Chihuly at the Musée des Beaux Arts, Montréal

I’m not doing a lot of traveling these days, except in my head–and even that is an act of time travel, as I write my way to degree completion. While some days it feels like I and my dissertation will be forever stuck in the perpetual banality of late 1987, I did take time out recently for a Montréal long weekend, one full of all the correct things: good food, beautiful art, and a companionable sharing of YouTube videos (“have you seen…? No? Well, we should watch that one next!”). It was also properly autumnal, which felt like true relief after NYC’s neverending late summer–pulling on boots and tights was yet novel enough to feel refreshing, rather than quotidian.

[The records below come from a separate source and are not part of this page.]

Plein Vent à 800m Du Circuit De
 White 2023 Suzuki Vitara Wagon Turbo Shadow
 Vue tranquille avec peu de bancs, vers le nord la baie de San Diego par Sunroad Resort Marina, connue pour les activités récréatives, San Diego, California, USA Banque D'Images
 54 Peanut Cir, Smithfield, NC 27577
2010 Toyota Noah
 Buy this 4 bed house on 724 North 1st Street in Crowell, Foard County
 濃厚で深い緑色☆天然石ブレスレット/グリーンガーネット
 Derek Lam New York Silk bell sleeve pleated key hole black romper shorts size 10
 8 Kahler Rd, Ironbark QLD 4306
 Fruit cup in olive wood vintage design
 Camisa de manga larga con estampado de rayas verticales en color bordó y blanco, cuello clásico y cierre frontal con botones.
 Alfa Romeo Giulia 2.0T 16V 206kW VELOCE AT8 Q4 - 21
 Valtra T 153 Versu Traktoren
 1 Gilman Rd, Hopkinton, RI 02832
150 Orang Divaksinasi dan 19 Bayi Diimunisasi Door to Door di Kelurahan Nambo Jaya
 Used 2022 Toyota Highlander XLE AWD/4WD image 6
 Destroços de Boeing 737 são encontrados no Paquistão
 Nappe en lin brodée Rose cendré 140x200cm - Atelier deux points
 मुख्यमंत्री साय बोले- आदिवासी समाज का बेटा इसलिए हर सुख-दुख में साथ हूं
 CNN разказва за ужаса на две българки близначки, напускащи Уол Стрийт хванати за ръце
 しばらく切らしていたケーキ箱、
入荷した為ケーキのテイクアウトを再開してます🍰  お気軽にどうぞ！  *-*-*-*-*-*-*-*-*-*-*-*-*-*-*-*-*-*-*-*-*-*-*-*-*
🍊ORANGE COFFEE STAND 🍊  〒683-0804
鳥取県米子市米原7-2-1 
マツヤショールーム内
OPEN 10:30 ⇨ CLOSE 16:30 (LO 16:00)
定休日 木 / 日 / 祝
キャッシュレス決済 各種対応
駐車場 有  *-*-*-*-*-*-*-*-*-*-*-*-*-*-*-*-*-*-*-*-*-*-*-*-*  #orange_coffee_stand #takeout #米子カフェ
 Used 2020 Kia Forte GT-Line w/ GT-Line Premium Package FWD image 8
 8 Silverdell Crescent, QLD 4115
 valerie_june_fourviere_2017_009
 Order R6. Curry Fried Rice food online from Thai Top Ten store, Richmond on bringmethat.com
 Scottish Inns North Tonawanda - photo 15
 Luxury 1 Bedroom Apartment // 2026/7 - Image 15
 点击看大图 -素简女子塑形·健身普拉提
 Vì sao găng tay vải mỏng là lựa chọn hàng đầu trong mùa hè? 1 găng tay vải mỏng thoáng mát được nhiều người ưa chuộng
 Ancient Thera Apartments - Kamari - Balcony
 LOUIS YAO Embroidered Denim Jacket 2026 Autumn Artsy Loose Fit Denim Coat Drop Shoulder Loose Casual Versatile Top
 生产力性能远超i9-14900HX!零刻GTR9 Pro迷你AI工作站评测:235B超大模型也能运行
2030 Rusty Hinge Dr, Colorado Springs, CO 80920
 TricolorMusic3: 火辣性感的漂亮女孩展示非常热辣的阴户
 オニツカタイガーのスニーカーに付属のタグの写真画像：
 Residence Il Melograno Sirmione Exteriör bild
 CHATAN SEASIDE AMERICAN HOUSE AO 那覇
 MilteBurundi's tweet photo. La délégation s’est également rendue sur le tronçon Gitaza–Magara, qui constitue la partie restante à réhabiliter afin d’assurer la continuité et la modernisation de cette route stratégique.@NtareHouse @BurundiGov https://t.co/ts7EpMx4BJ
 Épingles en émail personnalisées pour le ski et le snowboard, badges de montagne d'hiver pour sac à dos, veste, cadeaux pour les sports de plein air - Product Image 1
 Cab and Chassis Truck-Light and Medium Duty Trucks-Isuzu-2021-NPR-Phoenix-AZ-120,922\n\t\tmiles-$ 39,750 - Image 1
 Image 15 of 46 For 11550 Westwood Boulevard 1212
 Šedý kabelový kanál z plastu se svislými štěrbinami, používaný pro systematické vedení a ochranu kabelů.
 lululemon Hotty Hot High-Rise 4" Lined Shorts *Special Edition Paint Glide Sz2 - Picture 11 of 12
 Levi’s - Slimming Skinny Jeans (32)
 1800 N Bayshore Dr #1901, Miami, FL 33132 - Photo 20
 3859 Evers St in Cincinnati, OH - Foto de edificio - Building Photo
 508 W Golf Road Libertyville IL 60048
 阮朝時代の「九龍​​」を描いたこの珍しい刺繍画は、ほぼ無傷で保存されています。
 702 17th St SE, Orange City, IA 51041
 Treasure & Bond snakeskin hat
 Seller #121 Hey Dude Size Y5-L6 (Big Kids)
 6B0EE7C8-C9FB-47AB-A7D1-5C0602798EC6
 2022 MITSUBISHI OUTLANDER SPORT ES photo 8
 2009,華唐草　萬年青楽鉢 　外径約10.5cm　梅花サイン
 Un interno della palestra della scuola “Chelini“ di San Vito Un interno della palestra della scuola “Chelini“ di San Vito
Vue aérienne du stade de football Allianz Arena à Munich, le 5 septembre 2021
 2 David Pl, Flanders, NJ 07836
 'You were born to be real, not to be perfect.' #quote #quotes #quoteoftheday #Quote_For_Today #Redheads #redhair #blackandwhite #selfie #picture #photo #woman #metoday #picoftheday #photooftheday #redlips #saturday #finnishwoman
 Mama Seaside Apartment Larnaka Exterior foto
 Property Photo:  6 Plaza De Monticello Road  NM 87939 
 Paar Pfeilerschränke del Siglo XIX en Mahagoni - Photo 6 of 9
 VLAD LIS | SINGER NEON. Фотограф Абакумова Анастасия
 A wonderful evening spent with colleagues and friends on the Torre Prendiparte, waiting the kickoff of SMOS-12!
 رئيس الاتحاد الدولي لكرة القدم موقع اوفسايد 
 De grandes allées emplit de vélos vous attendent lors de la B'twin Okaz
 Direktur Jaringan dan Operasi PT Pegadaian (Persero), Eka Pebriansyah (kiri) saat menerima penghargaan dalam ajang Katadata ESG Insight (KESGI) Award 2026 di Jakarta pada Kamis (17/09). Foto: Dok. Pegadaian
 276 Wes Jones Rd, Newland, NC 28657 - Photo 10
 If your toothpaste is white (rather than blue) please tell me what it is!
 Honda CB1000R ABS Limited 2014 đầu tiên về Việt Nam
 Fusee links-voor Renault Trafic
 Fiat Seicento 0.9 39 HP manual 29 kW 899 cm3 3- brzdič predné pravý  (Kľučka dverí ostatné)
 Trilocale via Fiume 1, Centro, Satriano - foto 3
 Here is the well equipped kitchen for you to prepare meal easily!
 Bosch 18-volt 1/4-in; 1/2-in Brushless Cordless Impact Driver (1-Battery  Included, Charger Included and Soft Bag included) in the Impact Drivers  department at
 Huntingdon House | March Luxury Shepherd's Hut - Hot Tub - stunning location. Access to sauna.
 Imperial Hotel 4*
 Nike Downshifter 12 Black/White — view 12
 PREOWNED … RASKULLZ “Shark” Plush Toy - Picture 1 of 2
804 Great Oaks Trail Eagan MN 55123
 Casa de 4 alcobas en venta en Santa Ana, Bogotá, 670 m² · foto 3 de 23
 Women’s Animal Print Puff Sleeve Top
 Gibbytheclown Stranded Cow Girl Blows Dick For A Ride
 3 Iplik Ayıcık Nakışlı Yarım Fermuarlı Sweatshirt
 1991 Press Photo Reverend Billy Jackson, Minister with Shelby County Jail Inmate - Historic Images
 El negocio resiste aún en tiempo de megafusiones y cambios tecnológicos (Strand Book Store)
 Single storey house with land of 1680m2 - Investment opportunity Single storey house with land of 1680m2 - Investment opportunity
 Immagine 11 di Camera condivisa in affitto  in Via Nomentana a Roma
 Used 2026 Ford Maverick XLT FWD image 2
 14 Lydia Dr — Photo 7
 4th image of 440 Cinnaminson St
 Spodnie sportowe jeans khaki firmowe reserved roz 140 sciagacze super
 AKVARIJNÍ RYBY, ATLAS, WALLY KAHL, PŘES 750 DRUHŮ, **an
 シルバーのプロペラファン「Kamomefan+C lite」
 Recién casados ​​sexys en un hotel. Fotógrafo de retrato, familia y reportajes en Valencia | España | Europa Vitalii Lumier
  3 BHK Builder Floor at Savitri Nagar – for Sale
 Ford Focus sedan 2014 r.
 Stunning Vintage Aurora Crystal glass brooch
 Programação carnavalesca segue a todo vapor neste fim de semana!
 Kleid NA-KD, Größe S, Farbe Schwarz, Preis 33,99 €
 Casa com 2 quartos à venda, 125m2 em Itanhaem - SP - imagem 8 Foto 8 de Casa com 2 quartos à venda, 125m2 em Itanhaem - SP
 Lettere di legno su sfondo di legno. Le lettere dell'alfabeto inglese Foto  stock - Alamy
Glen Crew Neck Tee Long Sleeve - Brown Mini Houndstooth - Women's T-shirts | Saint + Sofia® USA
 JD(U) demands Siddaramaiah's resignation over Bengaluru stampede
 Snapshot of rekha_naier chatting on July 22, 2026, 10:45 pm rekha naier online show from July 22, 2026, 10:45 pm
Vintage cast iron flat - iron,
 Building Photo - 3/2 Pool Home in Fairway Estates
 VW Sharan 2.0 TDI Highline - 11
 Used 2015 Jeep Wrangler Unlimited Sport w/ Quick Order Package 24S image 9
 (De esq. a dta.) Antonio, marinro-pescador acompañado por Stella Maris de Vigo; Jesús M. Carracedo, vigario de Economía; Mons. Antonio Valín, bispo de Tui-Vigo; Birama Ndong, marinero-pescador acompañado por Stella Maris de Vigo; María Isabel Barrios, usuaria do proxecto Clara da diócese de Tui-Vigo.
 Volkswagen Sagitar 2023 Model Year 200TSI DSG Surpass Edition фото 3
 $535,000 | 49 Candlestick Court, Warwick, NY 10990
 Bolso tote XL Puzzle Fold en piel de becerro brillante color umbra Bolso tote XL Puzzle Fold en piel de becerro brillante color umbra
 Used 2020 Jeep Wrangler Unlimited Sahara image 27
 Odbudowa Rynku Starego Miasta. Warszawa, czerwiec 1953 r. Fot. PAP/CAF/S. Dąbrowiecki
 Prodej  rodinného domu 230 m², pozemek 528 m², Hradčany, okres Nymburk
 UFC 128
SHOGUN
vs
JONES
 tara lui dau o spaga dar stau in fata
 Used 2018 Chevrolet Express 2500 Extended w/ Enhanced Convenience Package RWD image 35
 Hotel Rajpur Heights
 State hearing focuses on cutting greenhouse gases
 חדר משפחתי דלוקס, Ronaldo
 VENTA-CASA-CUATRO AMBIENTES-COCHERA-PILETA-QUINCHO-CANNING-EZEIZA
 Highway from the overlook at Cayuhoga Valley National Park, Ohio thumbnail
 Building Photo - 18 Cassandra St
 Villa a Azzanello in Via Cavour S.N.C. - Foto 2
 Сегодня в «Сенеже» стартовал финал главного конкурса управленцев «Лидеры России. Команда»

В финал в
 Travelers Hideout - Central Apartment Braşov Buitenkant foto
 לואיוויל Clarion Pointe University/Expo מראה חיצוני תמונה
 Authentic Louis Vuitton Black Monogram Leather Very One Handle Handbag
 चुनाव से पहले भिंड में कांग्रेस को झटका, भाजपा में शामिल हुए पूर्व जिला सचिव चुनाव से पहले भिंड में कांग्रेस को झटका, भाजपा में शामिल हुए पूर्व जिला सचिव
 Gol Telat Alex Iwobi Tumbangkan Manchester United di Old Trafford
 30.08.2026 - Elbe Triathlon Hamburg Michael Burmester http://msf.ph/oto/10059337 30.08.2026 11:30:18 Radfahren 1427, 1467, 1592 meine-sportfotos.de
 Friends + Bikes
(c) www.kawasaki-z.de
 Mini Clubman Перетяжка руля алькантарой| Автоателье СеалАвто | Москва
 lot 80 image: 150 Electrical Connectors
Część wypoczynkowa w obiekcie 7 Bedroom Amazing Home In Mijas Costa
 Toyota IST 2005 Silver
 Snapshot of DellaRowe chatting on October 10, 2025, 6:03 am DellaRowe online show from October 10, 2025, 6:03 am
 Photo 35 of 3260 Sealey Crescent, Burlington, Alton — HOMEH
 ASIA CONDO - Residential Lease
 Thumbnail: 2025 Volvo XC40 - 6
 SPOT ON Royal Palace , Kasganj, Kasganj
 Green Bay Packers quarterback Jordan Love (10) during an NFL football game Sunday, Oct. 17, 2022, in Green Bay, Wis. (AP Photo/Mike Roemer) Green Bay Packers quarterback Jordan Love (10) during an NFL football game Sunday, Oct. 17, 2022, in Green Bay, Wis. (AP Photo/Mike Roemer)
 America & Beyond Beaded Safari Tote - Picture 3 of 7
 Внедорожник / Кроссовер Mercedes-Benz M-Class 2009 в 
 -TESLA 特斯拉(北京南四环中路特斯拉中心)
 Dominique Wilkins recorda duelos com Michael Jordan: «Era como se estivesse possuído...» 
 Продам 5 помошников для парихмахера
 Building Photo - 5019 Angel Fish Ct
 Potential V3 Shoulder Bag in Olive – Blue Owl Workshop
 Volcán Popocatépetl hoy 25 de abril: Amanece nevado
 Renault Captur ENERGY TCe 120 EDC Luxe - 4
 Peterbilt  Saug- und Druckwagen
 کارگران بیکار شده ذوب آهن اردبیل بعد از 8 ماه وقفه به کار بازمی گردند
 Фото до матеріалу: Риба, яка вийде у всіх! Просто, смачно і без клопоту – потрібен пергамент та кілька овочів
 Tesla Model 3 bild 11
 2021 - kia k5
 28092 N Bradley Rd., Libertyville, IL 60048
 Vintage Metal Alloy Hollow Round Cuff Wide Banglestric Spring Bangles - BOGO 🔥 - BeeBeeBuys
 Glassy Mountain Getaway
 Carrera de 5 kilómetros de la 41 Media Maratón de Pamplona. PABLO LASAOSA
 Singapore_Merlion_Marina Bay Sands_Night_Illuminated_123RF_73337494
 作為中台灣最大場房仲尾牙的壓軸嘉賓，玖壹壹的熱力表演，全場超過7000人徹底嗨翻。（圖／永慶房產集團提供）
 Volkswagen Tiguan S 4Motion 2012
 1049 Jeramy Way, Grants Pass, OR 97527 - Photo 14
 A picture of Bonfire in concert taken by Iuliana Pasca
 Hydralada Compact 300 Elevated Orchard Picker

Of course, on my return to the States I brought the cold weather back with me, and my days since have been marked by the turn towards the chill: hot tea, early sunsets, and long walks in the wind. Montréal remains bright and warm in my memory despite these meteorological musings, however, and this is largely due to having seen Chihuly: Utterly Breathtaking, recently on view at the Musée des Beaux Arts.

To photograph this exhibit was to consciously impose narrative; the site-specific installations were too large to be photographed in their totality, and with glass as the central medium, the visual interest regularly fluctuated between the enormity of those installations and particulate matter of the smallest scale in any case. Still, the warmth of the strong colors, the playful exuberance of Chihuly’s sculptural forms–for me, at least, these photographs do begin to capture the smiles and awe of the exhibit experience. And as the year comes to a close and the sunlight fades, it’s these brightnesses which will provide some joyful sustenance. Such memories make a turn back to the grindstone less painful for the nose.